What we're going to do is build up a series of layers, all of which are very simple to create, but they blend together to create more volumetric eyes that look like they are more at home and more at peace inside the creature. So I am going to scroll down my layers and I am going to turn on the blue group here, so that we have a better sense of where we're going. Then I'll scroll back up so that we can see these layers inside of the eye layers folder. And I am going to turn on this layer right here, overlays, and I am going to click on it to make it active. Now, could not be a sloppier layer as you can see, could not have been easier to create either.
I just went up to the Layers panel menu. I choose the New layer command or pressed Ctrl+Shift and Command+Shift down on the Mac. Called it whatever it was I wanted to call it and then painted it on it. And I painted on this layer using the Brush tool. So I'll go ahead and select the Brush tool. Notice I have already made my foreground color white, you can see that I am painting in white here. I have got a very soft brush at work, so it's pretty big, size of a 150 pixels, Hardness of 0%. The specific settings don't matter that much, I probably changed them half a dozen times as I was working.
I might have painted it at 100% Opacity, sometimes, other times I reduce the Opacity value. You see that Opacity value right there in the Options bar. You can reduce it to anything you like, and you can do that, by the way, from the keyboard when it's not active, just by pressing a number key. So if I pressed 5, I'd get 50% Opacity. Paint away at this low Opacity value. And then, to create these holes, I just painted with the Eraser tool, which you get by pressing the E key. Now, in an earlier Avatar exercise I was telling you, don't erase pixels because that's a destructive modification, you want to use a layer mask instead, which is true, unless you just have a trash layer, like this one.

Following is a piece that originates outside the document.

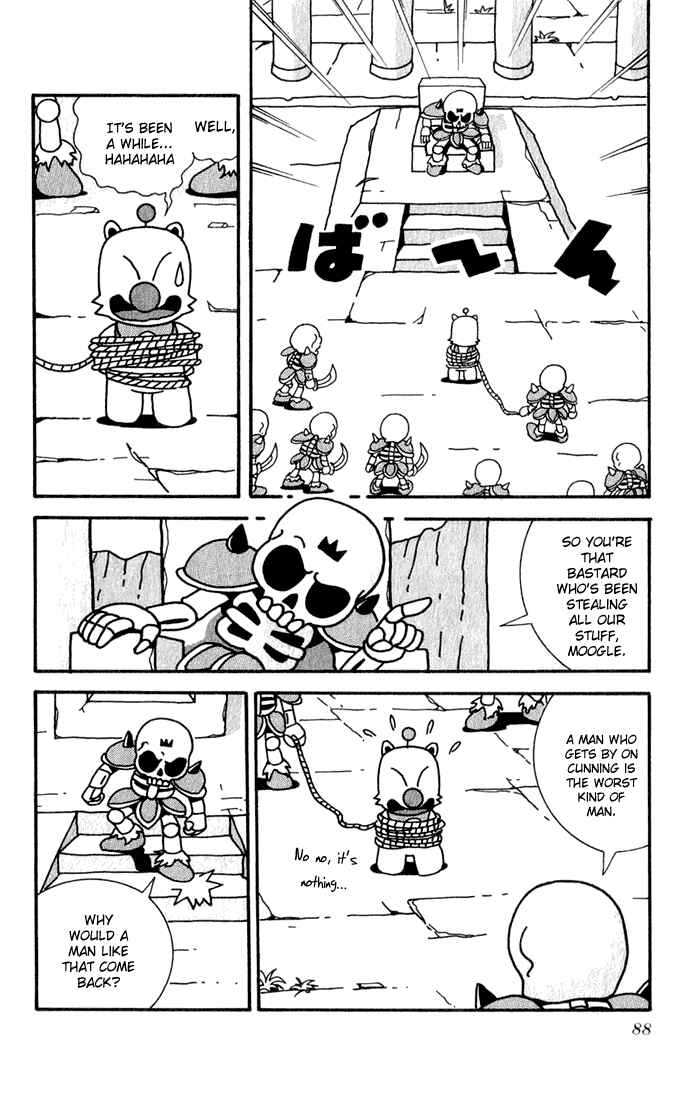 Page 18 Chapter 3 Chocobos Mysterious Story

Because you can always paint things back in if you want to any old time. So it's not like you need to go to all the discipline of layer masking a layer that looks like this. But notice, I can go ahead and enlarge my cursor. So I'll change that size value to something like 50, whatever. Reduce the Hardness down to 0%, and then paint away in order to erase portions of this layer. Then what I did? And this is a more critical thing that makes this layer work for us. I changed the Blend mode from Normal to Overlay. When you paint with white on an overlay layer, you end up getting an effect that's a lot like dodging, with the Dodge tool.

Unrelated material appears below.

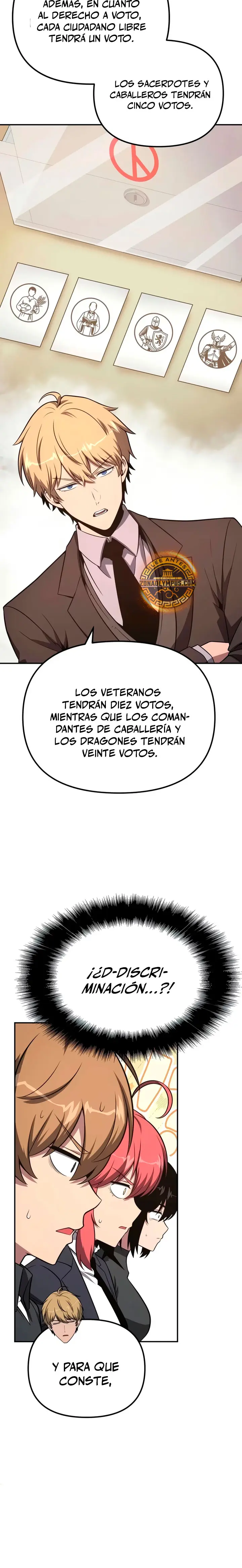 El rey caballero que regresó con un dios Capitulo 167 página 13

It's not the same thing, but it's very similar. And so we end up creating a layer of brightening, as you can see here. So this is without that layer, this is with that layer. Now, you may say, hey Deke! This layer looks terrible buddy, because you've got this big stripe down this poor Na'vi's nose now, and we've got this white powder puff on the bridge of the nose. What's going on? Well, we want to isolate our changes to just inside of the iris, and you do that by creating what's called a Clipping Mask. So currently, the overlays layer is active.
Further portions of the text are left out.